Data items:
Content starts
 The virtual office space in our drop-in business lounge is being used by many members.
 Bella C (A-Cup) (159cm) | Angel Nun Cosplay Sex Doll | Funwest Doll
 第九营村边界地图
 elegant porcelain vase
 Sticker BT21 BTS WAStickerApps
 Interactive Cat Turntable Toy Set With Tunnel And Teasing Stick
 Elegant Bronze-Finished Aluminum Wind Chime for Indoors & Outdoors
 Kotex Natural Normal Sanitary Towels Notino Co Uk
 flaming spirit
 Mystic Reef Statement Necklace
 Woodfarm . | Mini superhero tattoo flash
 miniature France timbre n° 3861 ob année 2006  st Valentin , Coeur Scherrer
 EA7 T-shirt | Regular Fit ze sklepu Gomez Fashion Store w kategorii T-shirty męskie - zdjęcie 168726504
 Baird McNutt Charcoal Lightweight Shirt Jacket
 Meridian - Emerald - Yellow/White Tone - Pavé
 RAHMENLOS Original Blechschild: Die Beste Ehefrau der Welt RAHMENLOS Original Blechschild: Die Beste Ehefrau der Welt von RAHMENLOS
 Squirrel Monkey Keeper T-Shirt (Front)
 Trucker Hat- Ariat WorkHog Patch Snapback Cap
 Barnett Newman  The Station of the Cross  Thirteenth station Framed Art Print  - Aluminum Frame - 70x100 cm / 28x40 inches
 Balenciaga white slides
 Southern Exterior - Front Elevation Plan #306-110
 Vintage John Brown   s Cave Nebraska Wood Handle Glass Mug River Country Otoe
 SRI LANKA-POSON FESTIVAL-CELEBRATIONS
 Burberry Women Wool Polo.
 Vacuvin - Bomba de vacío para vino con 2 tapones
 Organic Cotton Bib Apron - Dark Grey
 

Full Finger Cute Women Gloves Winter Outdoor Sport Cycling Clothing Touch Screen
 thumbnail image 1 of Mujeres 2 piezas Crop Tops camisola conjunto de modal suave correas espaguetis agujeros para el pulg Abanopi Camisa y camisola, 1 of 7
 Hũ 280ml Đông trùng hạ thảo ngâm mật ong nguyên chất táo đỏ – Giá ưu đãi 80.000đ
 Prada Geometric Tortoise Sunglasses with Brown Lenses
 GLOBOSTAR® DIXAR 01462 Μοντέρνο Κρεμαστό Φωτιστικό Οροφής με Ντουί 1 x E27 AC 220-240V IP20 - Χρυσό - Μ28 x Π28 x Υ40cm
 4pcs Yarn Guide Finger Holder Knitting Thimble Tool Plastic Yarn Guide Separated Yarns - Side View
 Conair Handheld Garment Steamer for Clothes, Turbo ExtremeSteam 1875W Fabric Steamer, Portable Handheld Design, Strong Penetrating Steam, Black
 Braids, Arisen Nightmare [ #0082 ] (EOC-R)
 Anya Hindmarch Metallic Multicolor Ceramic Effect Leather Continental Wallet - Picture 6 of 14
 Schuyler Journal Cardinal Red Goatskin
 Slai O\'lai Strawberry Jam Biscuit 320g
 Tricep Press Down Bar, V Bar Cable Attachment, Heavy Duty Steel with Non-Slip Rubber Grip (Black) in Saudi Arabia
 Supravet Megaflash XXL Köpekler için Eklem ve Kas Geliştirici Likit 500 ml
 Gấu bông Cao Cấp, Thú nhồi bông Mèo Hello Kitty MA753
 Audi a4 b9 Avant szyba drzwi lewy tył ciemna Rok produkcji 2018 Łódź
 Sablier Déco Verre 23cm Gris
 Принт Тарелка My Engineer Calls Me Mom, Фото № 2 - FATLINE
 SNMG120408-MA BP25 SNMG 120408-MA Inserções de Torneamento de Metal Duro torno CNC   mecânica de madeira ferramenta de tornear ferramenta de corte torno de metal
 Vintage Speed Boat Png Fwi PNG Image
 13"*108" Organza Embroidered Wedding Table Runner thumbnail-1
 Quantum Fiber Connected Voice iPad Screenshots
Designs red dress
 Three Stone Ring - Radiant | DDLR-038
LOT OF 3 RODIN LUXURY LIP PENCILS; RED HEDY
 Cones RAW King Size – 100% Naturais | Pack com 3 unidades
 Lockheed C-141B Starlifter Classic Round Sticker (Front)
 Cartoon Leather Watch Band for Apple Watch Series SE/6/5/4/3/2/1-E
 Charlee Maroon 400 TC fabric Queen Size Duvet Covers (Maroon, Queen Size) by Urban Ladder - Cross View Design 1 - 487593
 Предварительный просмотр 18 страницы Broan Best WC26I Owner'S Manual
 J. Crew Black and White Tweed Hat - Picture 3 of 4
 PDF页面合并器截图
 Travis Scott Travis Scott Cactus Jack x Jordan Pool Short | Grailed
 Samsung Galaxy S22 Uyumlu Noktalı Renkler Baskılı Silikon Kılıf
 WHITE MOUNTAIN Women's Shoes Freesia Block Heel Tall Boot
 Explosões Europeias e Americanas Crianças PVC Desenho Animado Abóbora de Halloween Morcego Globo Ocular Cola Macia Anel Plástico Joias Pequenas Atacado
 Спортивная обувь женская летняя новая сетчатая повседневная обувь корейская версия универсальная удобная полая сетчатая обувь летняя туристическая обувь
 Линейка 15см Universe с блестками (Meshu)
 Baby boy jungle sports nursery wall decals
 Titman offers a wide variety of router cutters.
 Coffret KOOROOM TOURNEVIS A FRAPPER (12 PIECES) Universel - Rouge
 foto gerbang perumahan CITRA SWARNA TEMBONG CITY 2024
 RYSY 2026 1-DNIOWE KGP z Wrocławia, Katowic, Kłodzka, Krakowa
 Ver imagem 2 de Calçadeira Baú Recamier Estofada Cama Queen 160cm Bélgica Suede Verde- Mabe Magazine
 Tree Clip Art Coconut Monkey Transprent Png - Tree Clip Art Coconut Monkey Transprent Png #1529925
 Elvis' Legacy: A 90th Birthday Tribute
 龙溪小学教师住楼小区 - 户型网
Content ends
EXERCISE BRIEF » Copy out only the lines above from the one with "RYSY 2026 1-DNIOWE" to the one with "Tree Clip Art Coconut Monkey Transprent Png - Tree", inclusive, exactly as they stand.

SOLUTION TO THE PROBLEM »
 RYSY 2026 1-DNIOWE KGP z Wrocławia, Katowic, Kłodzka, Krakowa
 Ver imagem 2 de Calçadeira Baú Recamier Estofada Cama Queen 160cm Bélgica Suede Verde- Mabe Magazine
 Tree Clip Art Coconut Monkey Transprent Png - Tree Clip Art Coconut Monkey Transprent Png #1529925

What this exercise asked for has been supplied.